**WORK TASK**
For each record, copy the text exactly and omit any picture it holds.

Image-text web data:
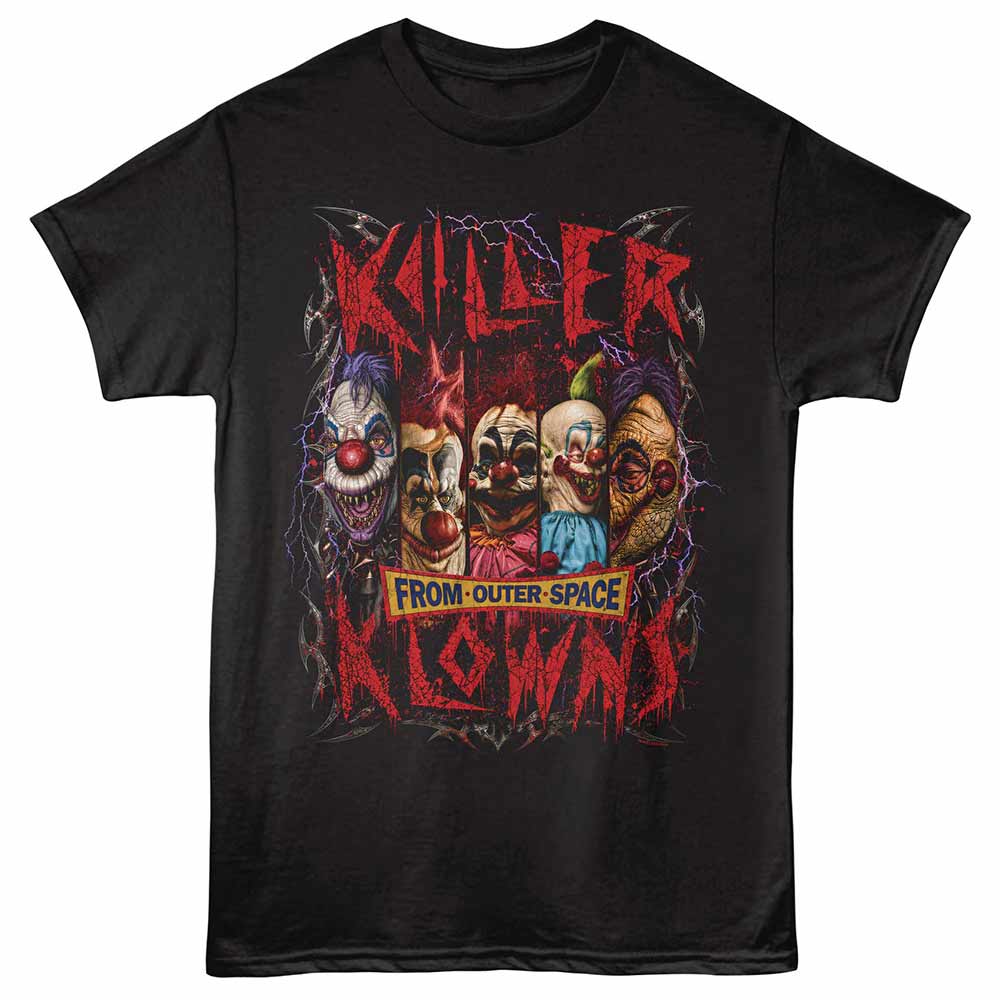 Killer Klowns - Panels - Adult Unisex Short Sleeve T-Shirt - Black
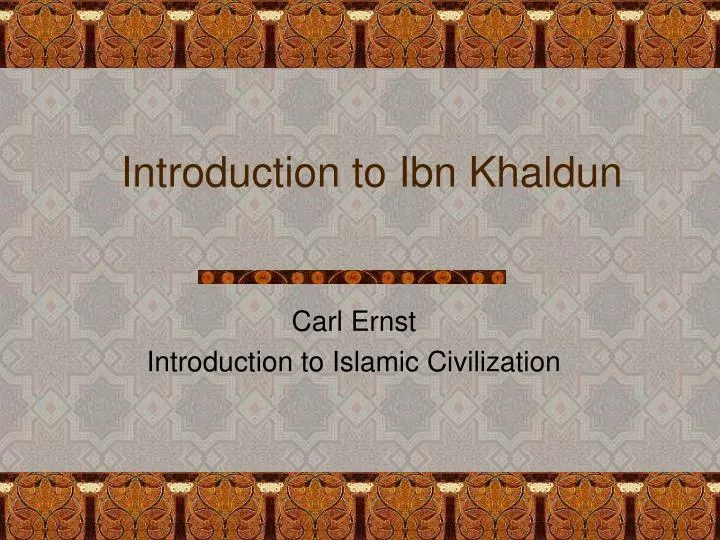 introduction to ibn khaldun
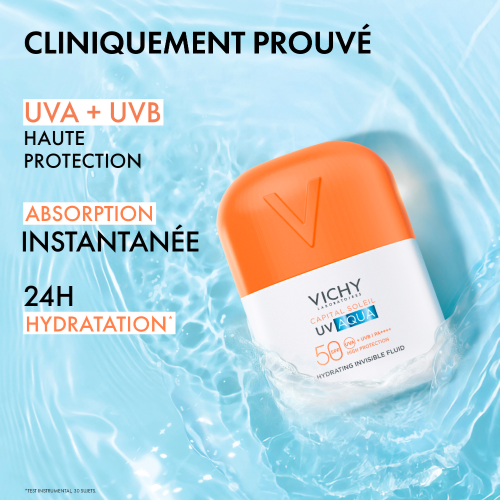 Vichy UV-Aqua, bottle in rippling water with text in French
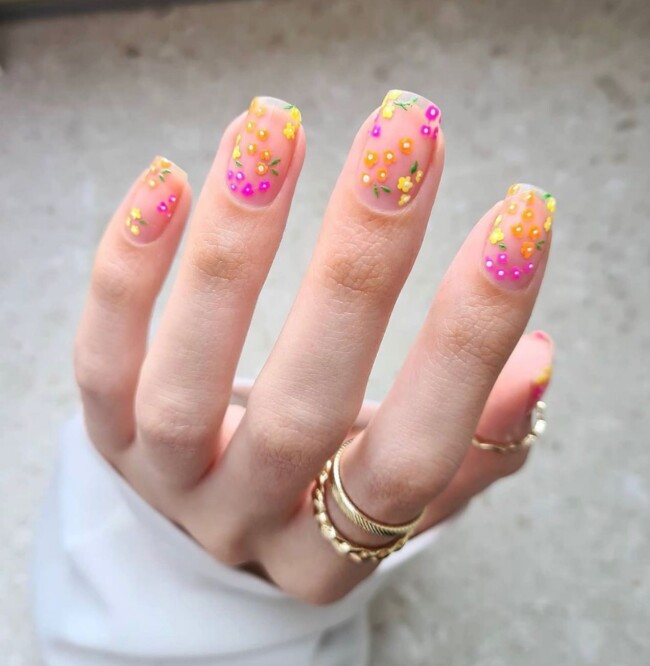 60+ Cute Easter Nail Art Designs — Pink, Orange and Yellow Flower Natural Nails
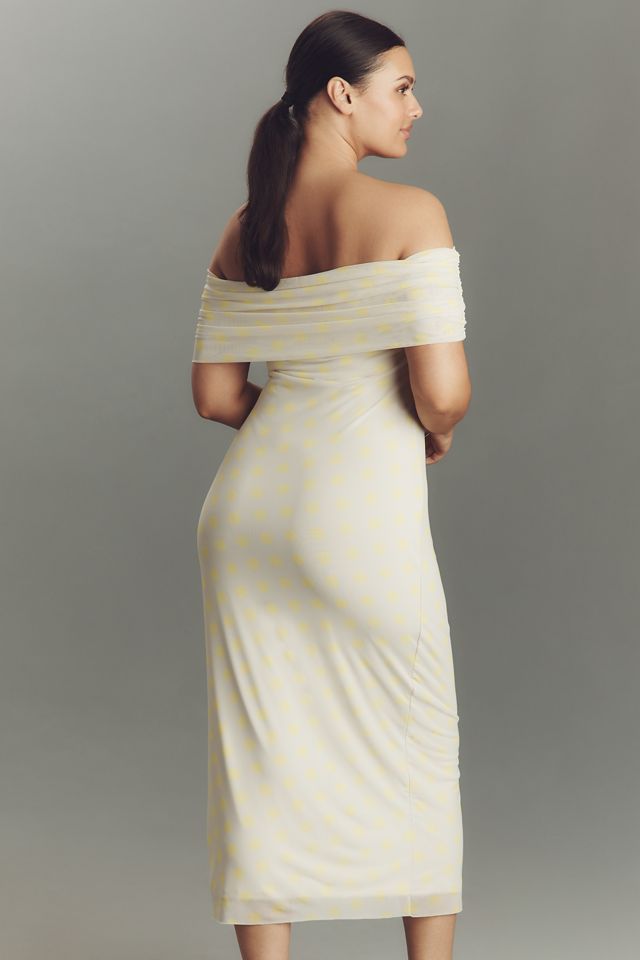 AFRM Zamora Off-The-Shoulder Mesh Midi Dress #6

**ANSWER SECTION**
 Killer Klowns - Panels - Adult Unisex Short Sleeve T-Shirt - Black
 introduction to ibn khaldun
 Vichy UV-Aqua, bottle in rippling water with text in French
 60+ Cute Easter Nail Art Designs — Pink, Orange and Yellow Flower Natural Nails
 AFRM Zamora Off-The-Shoulder Mesh Midi Dress #6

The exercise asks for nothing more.